Soviet Politics: At Home and Abroad. Frederick L. Schuman. New York: Alfred A. Knopf, 1946.

 

Professor Schuman has written a comprehensive volume on Soviet politics that will remain the representative treatise for quite some time to come. An introductory part, subtitled “A Book of Origins,” deals with Marxism and its penetration into Russia, with the back­ground and career of Lenin, the history of the Russian Communist movement, and the victory of the revolution, and with those factors of Russian history that still are determinants in the period of Soviet rule. The principal part, “A Book of Peace and War,” presents Soviet political history, the development of institutions, and the policies, both foreign and domestic, from the victory of the October Revolu­tion to the end of the Second World War. The concluding part, “A Book of Prospects,” deals with the outlines of post-war politics as far as they have become visible and with the probabilities of internal development and foreign relations of the Soviet Union in the future. The amount of material digested in these more than 600 pages is enormous; and every one who wishes to inform himself on any as­pect of Soviet politics (with the exception of economic problems and institutions, which are excluded from treatment) will do well, as a first approach, to consult this volume.

It was not the purpose of the author, however, to present a piece of original research; the scope of the volume reflects rather the inten­tion “to see steadily and to see whole the total fabric of Soviet poli­tics, from the barbarian migrations to the Changchun Railway Co., from Marx in the British Museum to the Soviet Intelligentsia, from peasant rebellions to collective agriculture, from Portsmouth and Brest-Litowsk to Potsdam and Lancaster House.” This plan, rather of encyclopedic synthesis than of intensive monographic study, does not, however, prevent the author from treating certain aspects of Soviet constitutional life, to which he draws specific attention (xv), with a thoroughness surpassing earlier attempts.

The materials are presented with the intelligent vivacity that we can expect of Schu­man. A conscious care for style is visible. In the formulation of terms and titles the author resorts frequently to the artistic device of allit­eration that is known to the reader of his earlier literary productions. We find again such old friends as the forces of fear, fraud, and favors by which rulers keep their subjects in obedience; and we encounter new recherche coordinations like “Cipangu and Cathay” (for Japan and China) reminiscent of Marco’s account of his call on the khan at the court of Cambaleschia. The book is written throughout with a deliberate mellowness that will make its message tasteful to many.

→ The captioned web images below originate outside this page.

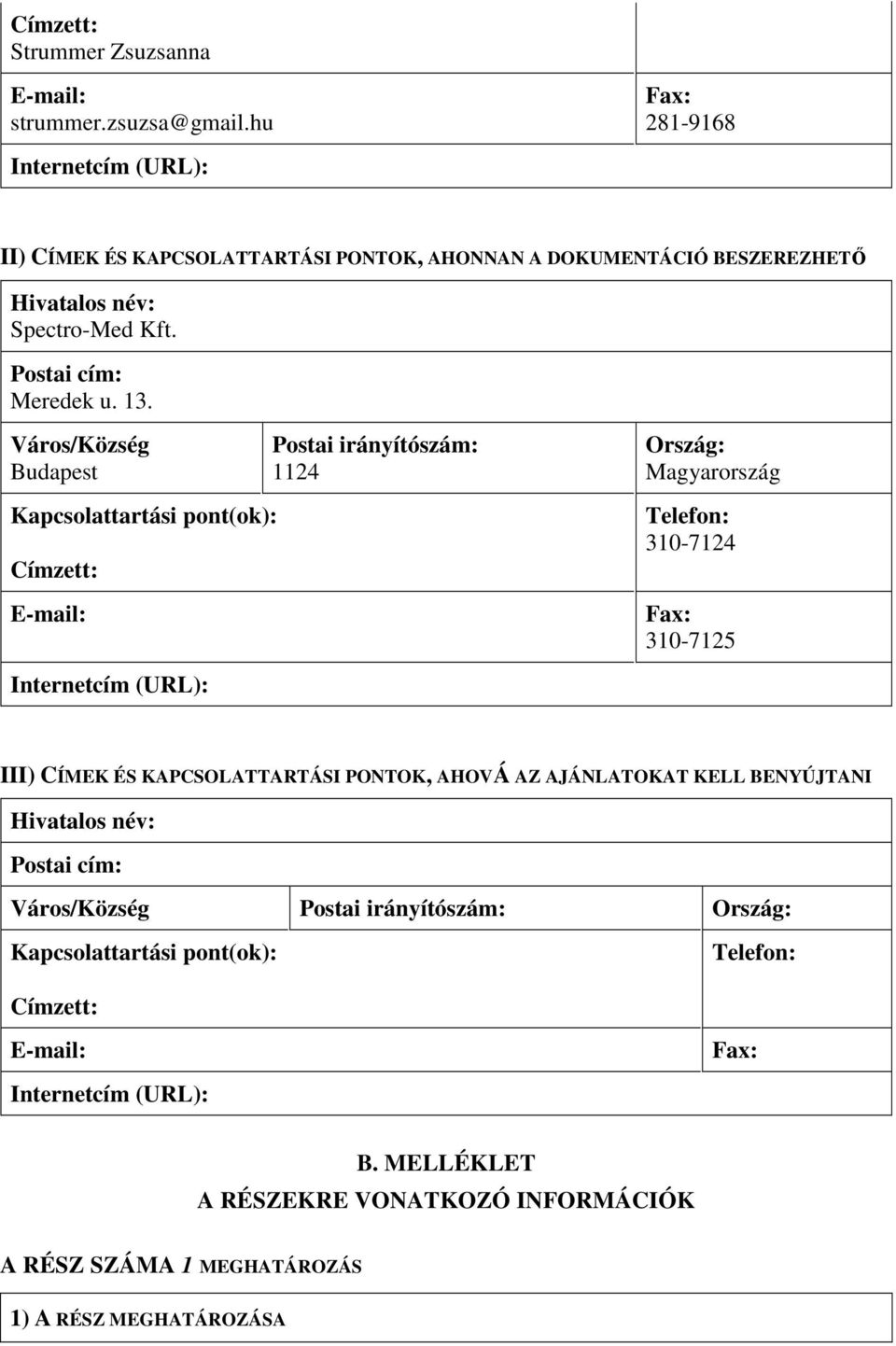 Város/Község Budapest Kapcsolattartási pont(ok): Címzett: E-mail: Internetcím (URL): Postai irányítószám: 1124 Ország: Magyarország Telefon: 310-7124 Fax: 310-7125 III) CÍMEK ÉS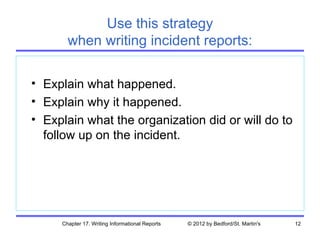 Use this strategy
       when writing incident reports:

• Explain what happened.
• Explain why it happened.
• Explain what the organization did or will do to
  follow up on the incident.




     Chapter 17. Writing Informational Reports   © 2012 by Bedford/St. Martin's   12
 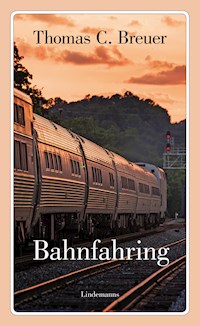 Bahnfahring - Thomas C. Breuer - E-Book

Beyond this point the reviewer is somewhat at a loss about a criti­cal evaluation of the volume. It is a book of opinion, not of scientific analysis. The facts are reported correctly, with a few negligible ex­ceptions, but the interpretation does not conform to any standards of scientific method. The objectivity for which the author has striven is not one of science but of political judgment. Under these conditions there is not much sense in stating agreement or disagreement con­cerning specific propositions, and we might well conclude at this point. Nevertheless, Schuman’s approach to politics is of a certain importance both because it is representative of a trend in contem­porary political science and because the resulting picture of Soviet politics might influence a considerable public. A few reflections on the author’s aims and the means employed in their realization will, therefore, be appropriate.

What the author considers a sympathetic, objective analysis of the Soviet system is in fact a skillful apology. How in good faith is that identification of objectivity with apology possible? It is possible because Schuman proceeds on the tacit assumption that a rational, scientific approach to politics does not exist. People are for or against the Soviet system for emotional reasons, and objectivity consists in striking a middle course between unconditional Marxist praise and unconditional anti-Marxist antipathy.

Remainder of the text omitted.